OpenAI's unreleased models are demonstrating unprecedented capabilities, signaling a transformative shift in AI proficiency. As AI commentator Matthew Berman highlighted, these advancements feel akin to the moment AI surpassed human champions in chess, indicating a rapid acceleration in the field.
Berman's recent video showcased two pivotal developments from OpenAI's experimental labs. The first, dubbed o3-Alpha, is an alleged variant of the existing o3 model, exhibiting extraordinary coding prowess. This model recently secured second place in the AtCoder World Tour Finals 2025 Heuristic Contest in Tokyo, a notoriously challenging coding competition. Its performance was nearly on par with human grandmasters, even generating complex interactive web applications like a fully functional Space Invaders game and a 3D Pokédex from simple prompts. This level of detail and functionality from basic instructions is truly impressive.
The second revelation concerns an experimental reasoning LLM that achieved gold medal-level performance at the 2025 International Math Olympiad (IMO). This is a monumental feat, as the model operated under the same stringent rules as human contestants, including timed sessions with no external tools or internet access, and the requirement to produce natural language proofs. Alexander Wei from OpenAI confirmed this achievement, stating he was "excited to share that our latest @OpenAI experimental reasoning LLM has achieved a longstanding grand challenge in AI: gold medal-level performance on the world's most prestigious math competition—the International Math Olympiad (IMO)."
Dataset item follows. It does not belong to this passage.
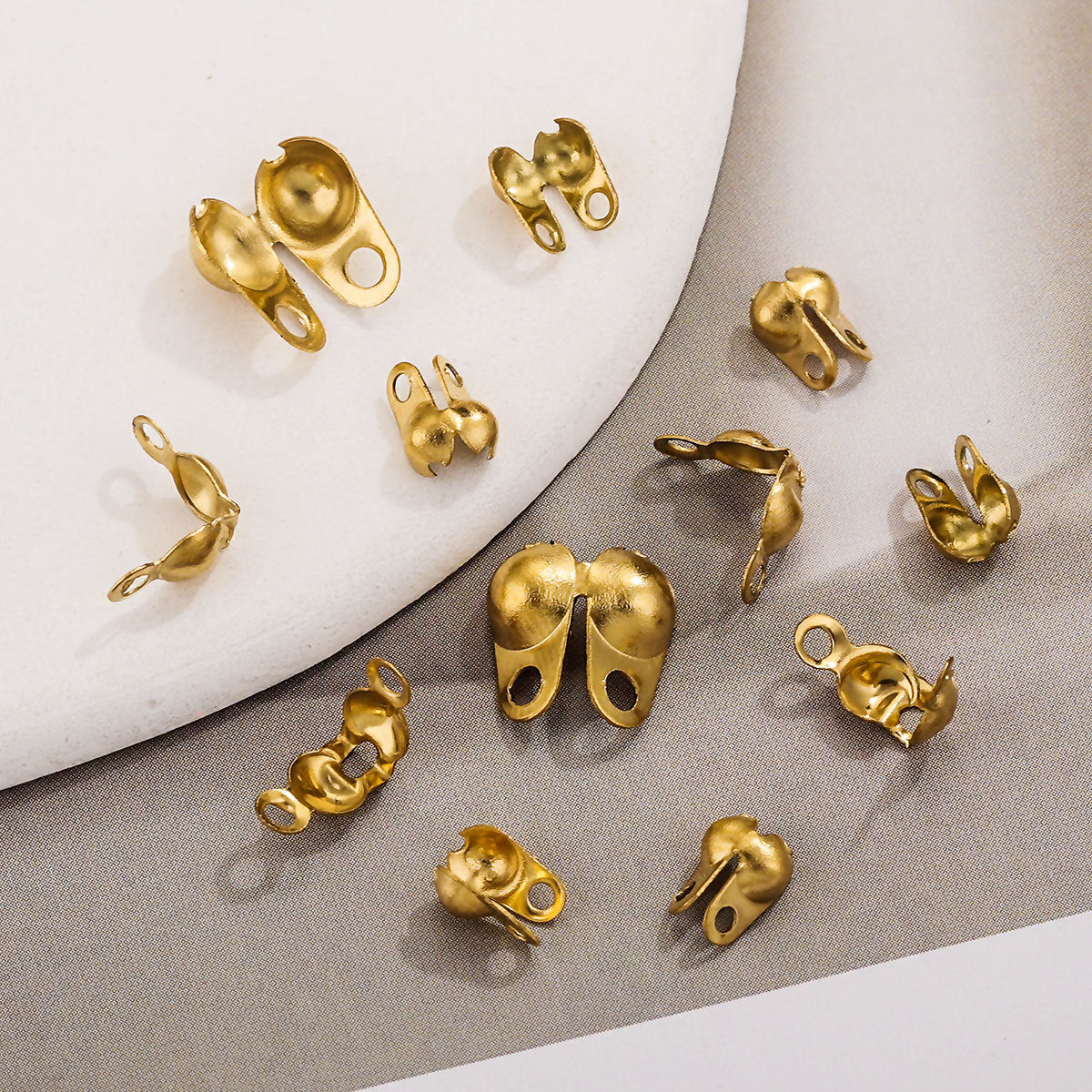 Multiple small gold-toned ball chain connector clasps arranged on a light surface with a white curved prop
This progress underscores a core insight known as "The Bitter Lesson" in AI research. This principle suggests that focusing on general learning methods and scaling computation, rather than hand-coding specific human knowledge or heuristics, ultimately yields superior AI. As Berman articulated, "Time and time again, the best achievements in artificial intelligence have come from just scaling up and taking humans out of the loop." This approach, exemplified by early chess AI transitioning from hand-coded tactics to self-play, and Tesla's shift to end-to-end neural networks for self-driving, appears to be the path forward for achieving advanced intelligence.
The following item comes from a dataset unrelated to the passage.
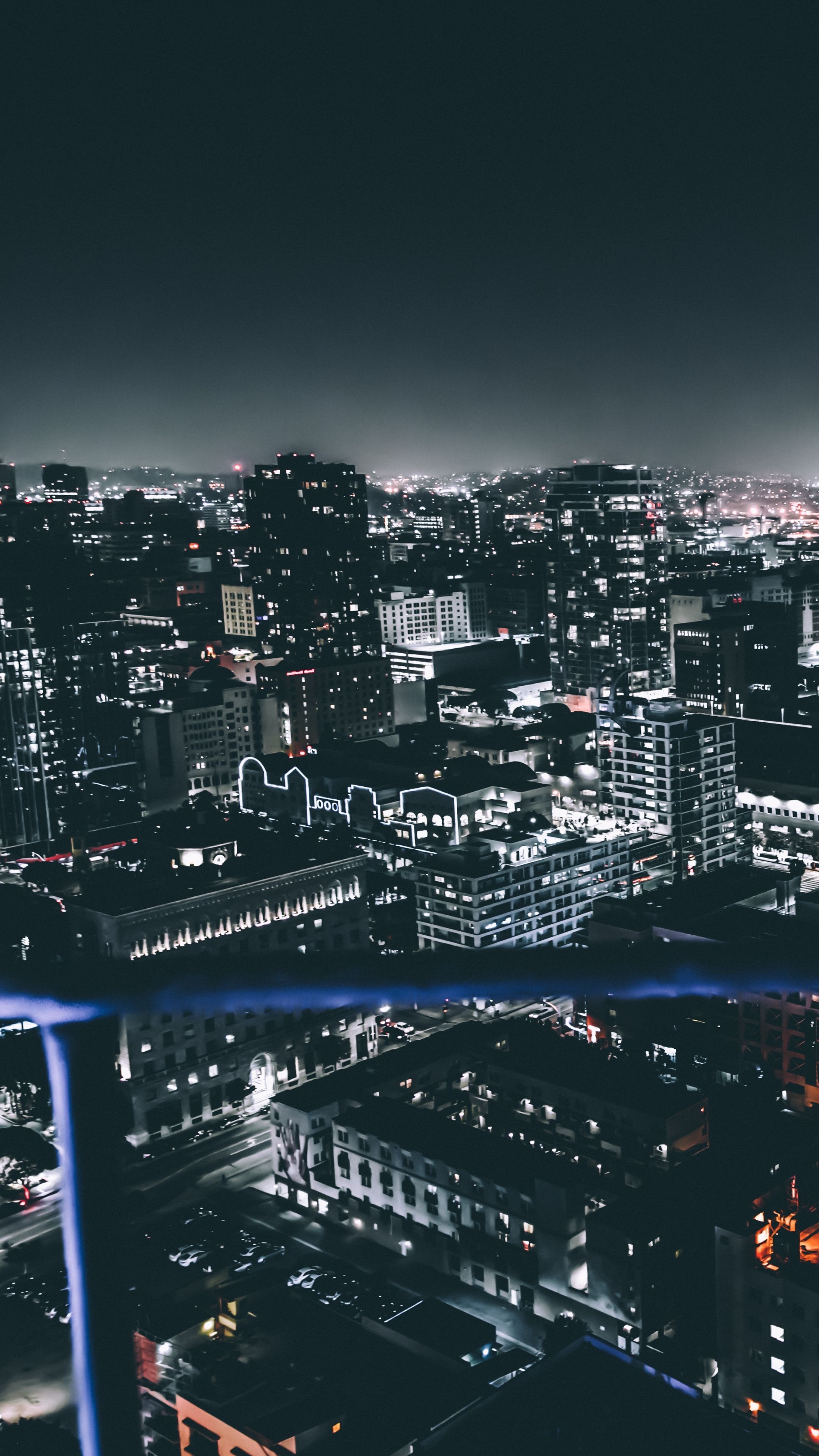 illuminated downtown skyscrapers, high-rise balcony view, nighttime urban grid, 4K Phone wallpaper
The IMO model's success, which involved crafting intricate, watertight arguments at the level of human mathematicians, further validates this scaling paradigm. Importantly, Wei clarified that this math-solving LLM is an experimental research model, not the upcoming GPT-5, and there are no immediate plans for its broad release. Nevertheless, these unreleased models signal a future where AI's capabilities in complex problem-solving and creative generation will continue to expand exponentially, driven by relentless scaling and general-purpose learning.